Nothing but the text should be carried over: reproduce all the data exactly and leave out every image.

+-------+

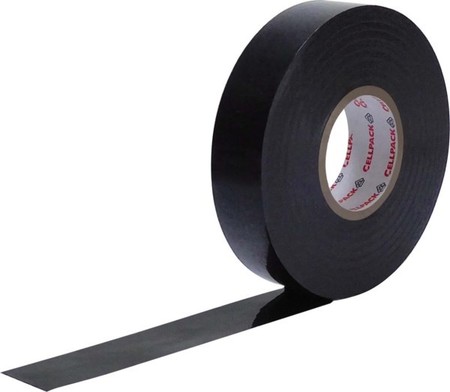 Adhesive tape 19 mm Caoutchouc Green 130667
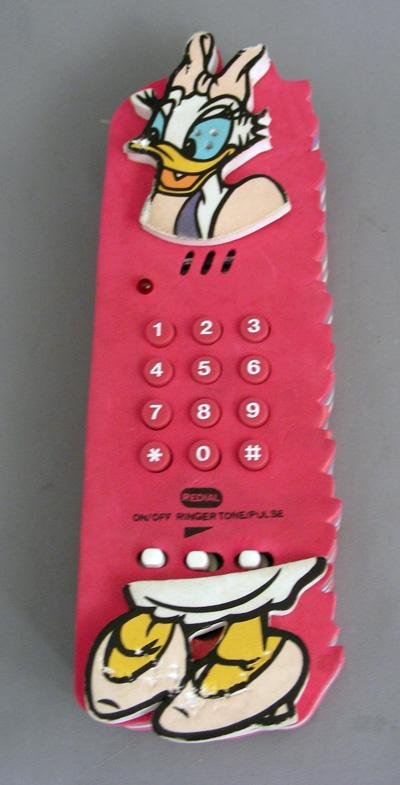 Daisy Duck Soft Phone Telephone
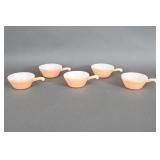 Fire King Orange Iridescent Glassware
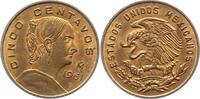 Mexiko 5 Centavos 1961 Republik. Vorzüglich 5,00 EUR prix TTC + 6,00 EUR frais d'envoi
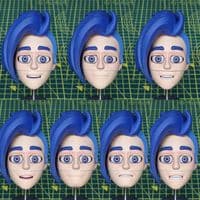 Advanced Puppet Head - Female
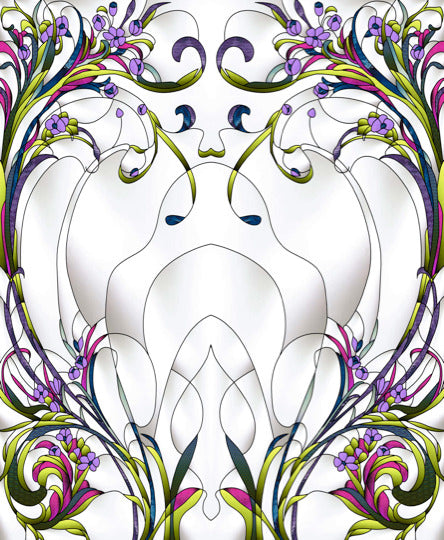 Artistic Stained Glass #PROVENCE-3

+-------+

§ **SOLUTION FOR THIS EXERCISE**
 Adhesive tape 19 mm Caoutchouc Green 130667
 Daisy Duck Soft Phone Telephone
 Fire King Orange Iridescent Glassware
 Mexiko 5 Centavos 1961 Republik. Vorzüglich 5,00 EUR prix TTC + 6,00 EUR frais d'envoi
 Advanced Puppet Head - Female
 Artistic Stained Glass #PROVENCE-3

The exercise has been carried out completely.